I also agree with #12  ” You don’t have to store all your data permanently. Use smart compression techniques, and keep statistical summaries only, for old data. Don’t forget to adjust your metrics when your data changes, to keep consistency for trending purposes.”  Sometimes we get too hung up on needing to have the data.  Storage of data is not such a problem these days with Terabyte storage devices, but how often does the business need to go back to the detailed data.  Ask the questions at the start of the project.  Define the data storage needs in your business case.

# 17 “Data + models + gut feelings + intuition is the perfect mix. Don’t remove any of these ingredients in your decision process” is my most favourite tip.  As a project manager, whilst it’s great to have data and models, what really works for me is also tuning into my gut feelings and intuition.  If something doesn’t feel right to me, it doesn’t feel right.  I go with that, and follow my instincts.  Doing this has allowed me to get better outcomes for my project owner and the business.  Trust yourself.

Consider # 19 in light of cost differential – “When do you need true real time processing? When fraud detection is critical, or when processing sensitive transactional data (credit card fraud detection, 911 calls). Other than that, delayed analytics(with a latency of a few seconds to 24 hours) is good enough.”  Too often we get caught in the story of needing real time processing.  I agree that there are certain transactions that do need to be captured real time, and the financial processing aspects are one of the situations.  A lot of other more administrative type data capture could be done at a delayed interval, without disrupting the business processing.  Again, it’s is something worth considering.
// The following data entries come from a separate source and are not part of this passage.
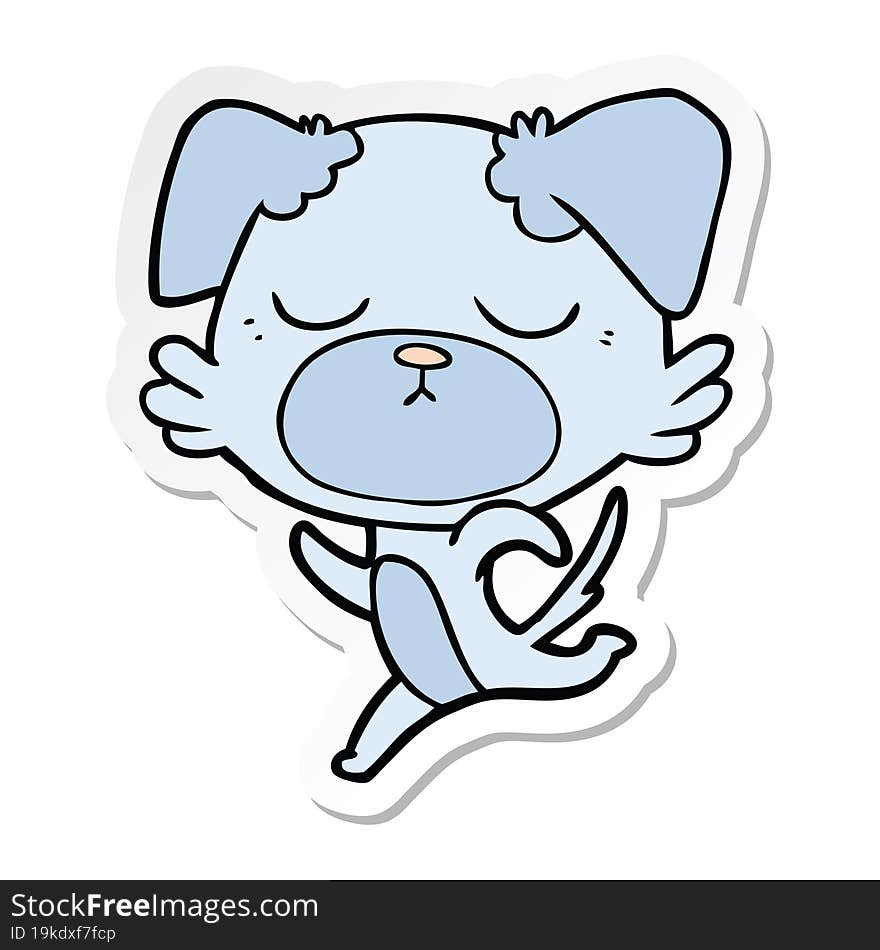 Sticker Of A Cute Cartoon Dog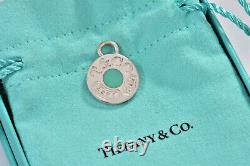 Tiffany & Co Silver Blue Enamel 1837 Circle Charm Pendant For Necklace Bracelet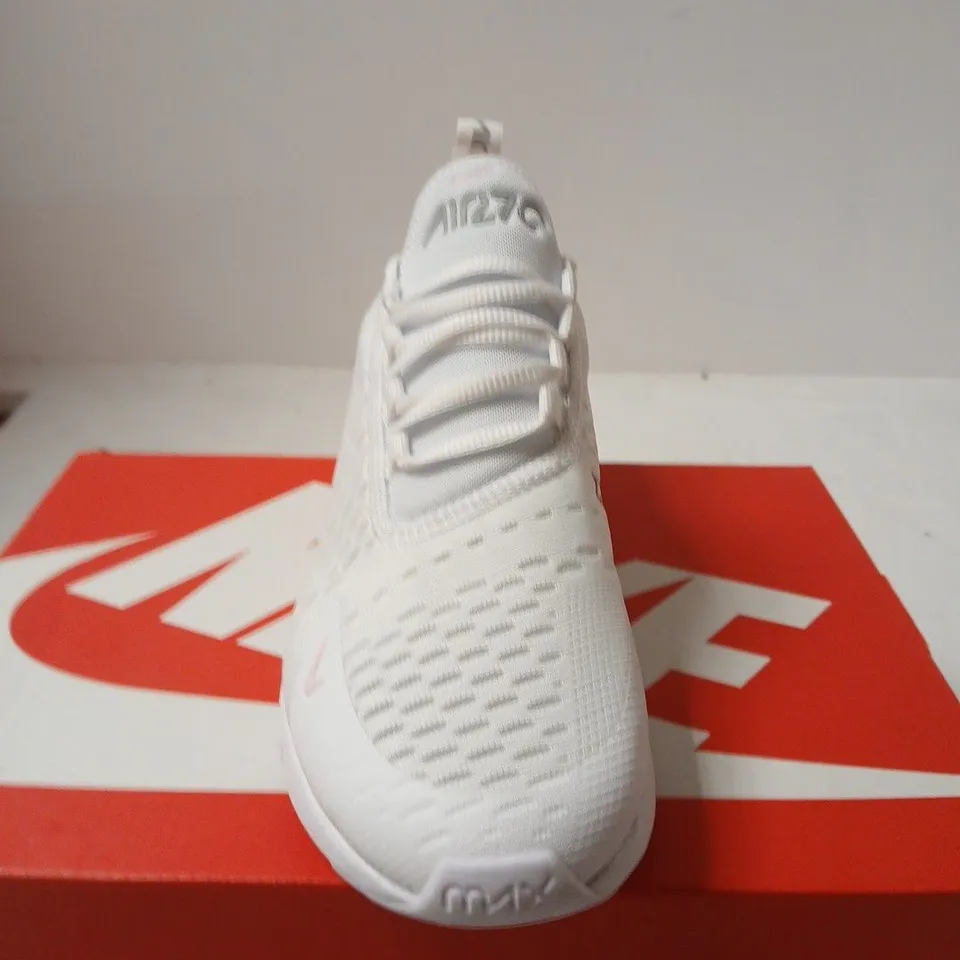BOXED PAIR OF NIKE AIR MAX 270 GS TRAINERS – WHITE/PINK FOAM, UK 5.5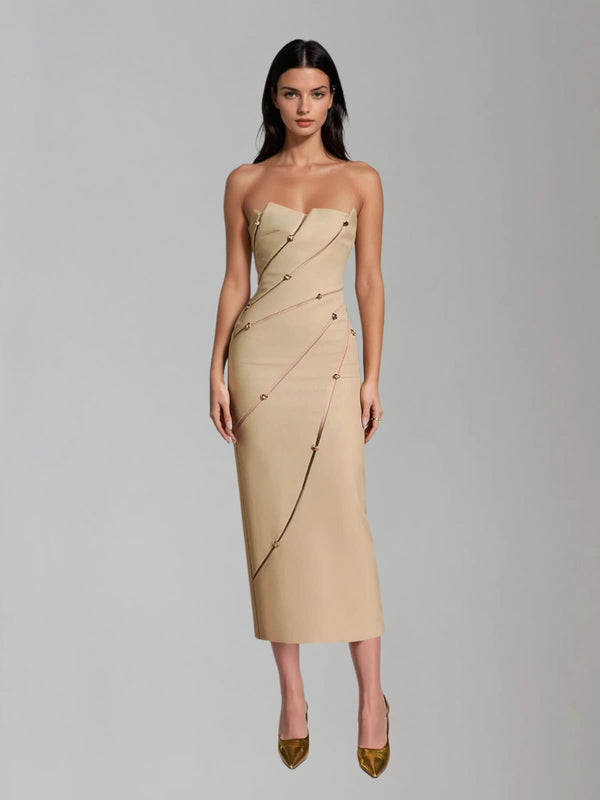 Laethar Strapless Maxi Dress In Khaki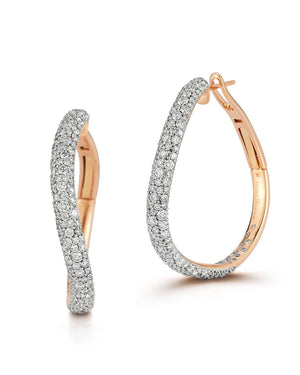 Julian Diamond Curved Hoop Earrings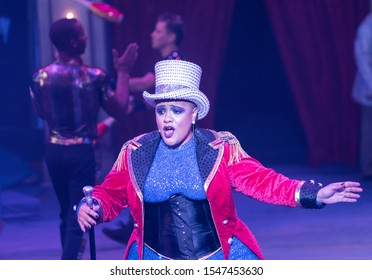 New York, NY - October 31, 2019: Ringmaster Storm Marrero Performs During Halloween Ball At Big Apple Circus At Lincoln Center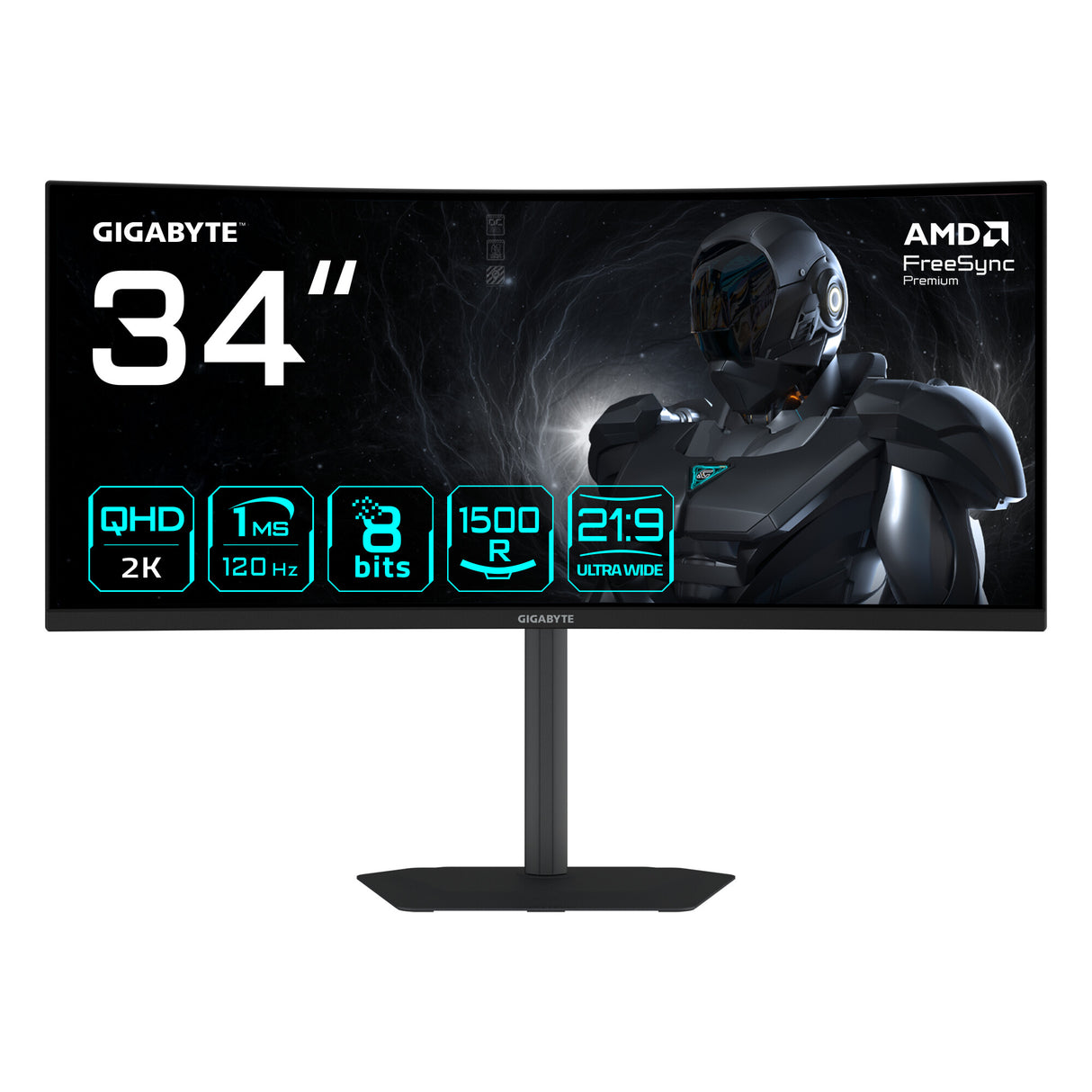 GIGABYTE GS34WQCA EK computerskærm 86,4 cm (34") 3440 x 1440 pixel Wide Quad HD LCD Sort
And yes what advice  #22 “Ask the right questions before purchasing software.”  How many times do we, in the process of developing the business case opt for purchasing software off the shelf just because it’s the easy option.  Of course there is also the scenario where the business owner/sponsor has been sold the software by the vendor and he/she then believe that it’s the next best thing to sliced bread and they definitely need it… that’s for another post.

How can you use at least one of these tips next time you have data related issues that arise in starting up, or during your project?